━━━━━ DATA FOR THIS EXERCISE ━━━━━
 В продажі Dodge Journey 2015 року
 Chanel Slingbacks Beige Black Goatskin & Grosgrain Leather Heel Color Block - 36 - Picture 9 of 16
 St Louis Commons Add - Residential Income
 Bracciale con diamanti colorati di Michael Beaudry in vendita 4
━━━━━
━━━━━ DATA FOR THIS EXERCISE ━━━━━
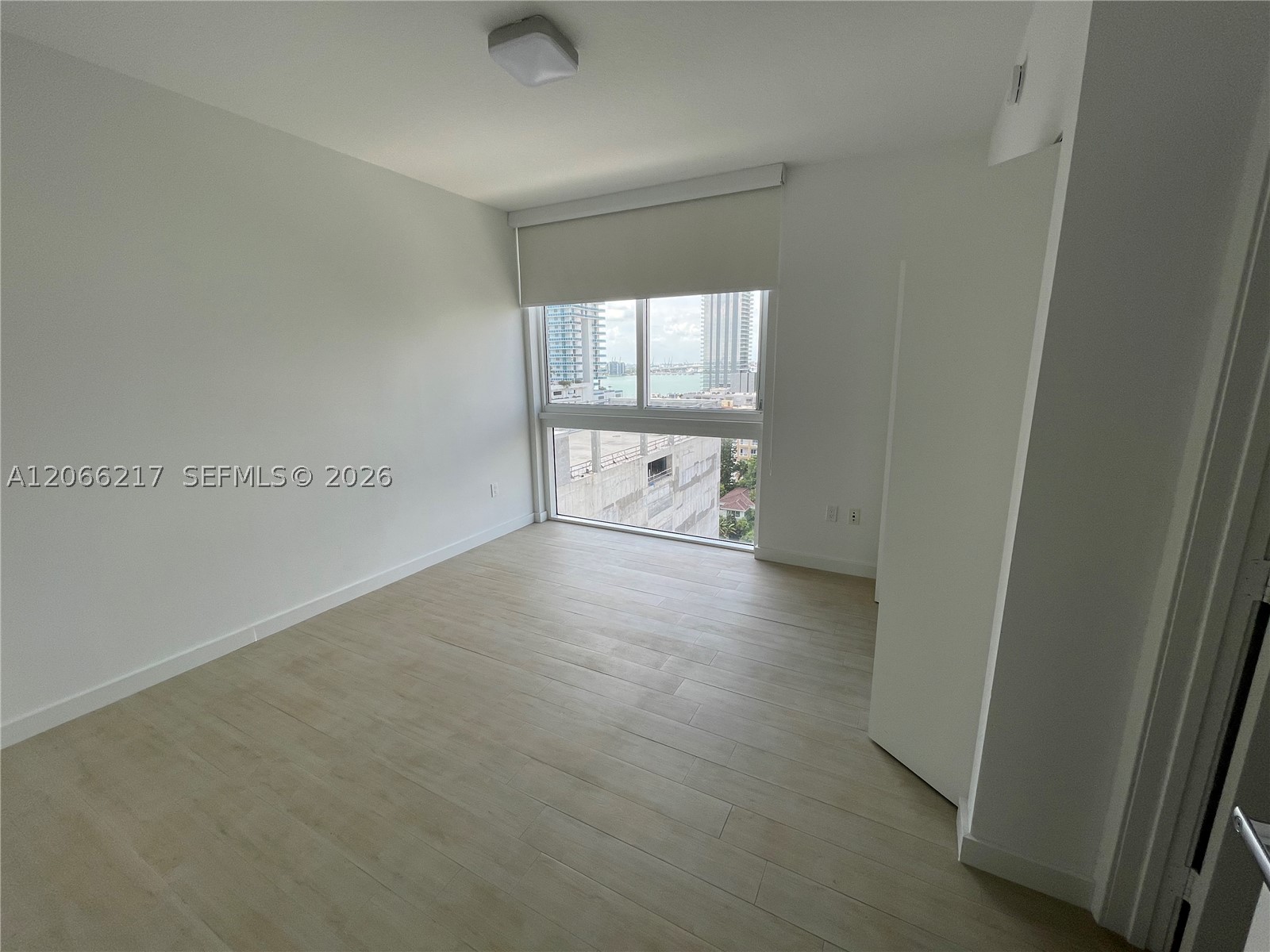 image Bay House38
━━━━━
━━━━━ DATA FOR THIS EXERCISE ━━━━━
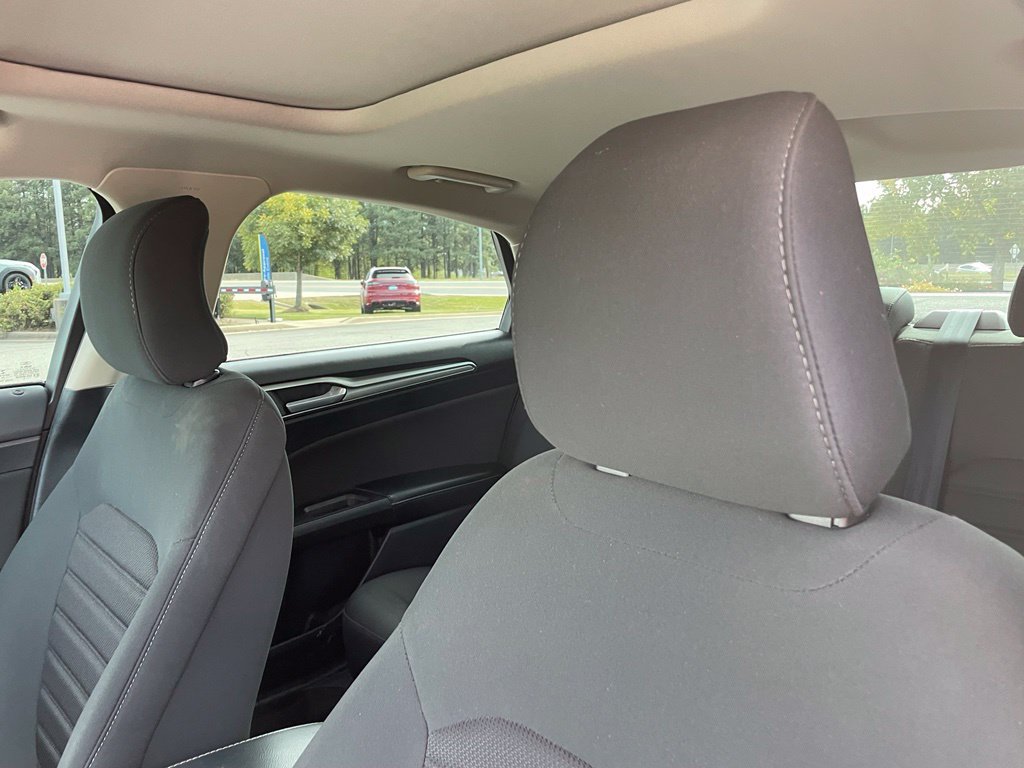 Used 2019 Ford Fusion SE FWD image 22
━━━━━
REQUIREMENT — Scan the listing above for the line that has "St Louis Commons Add - Residential Income", then copy exactly from that line through the line that has "Bracciale con diamanti".

EXERCISE RESULT —
 St Louis Commons Add - Residential Income
 Bracciale con diamanti colorati di Michael Beaudry in vendita 4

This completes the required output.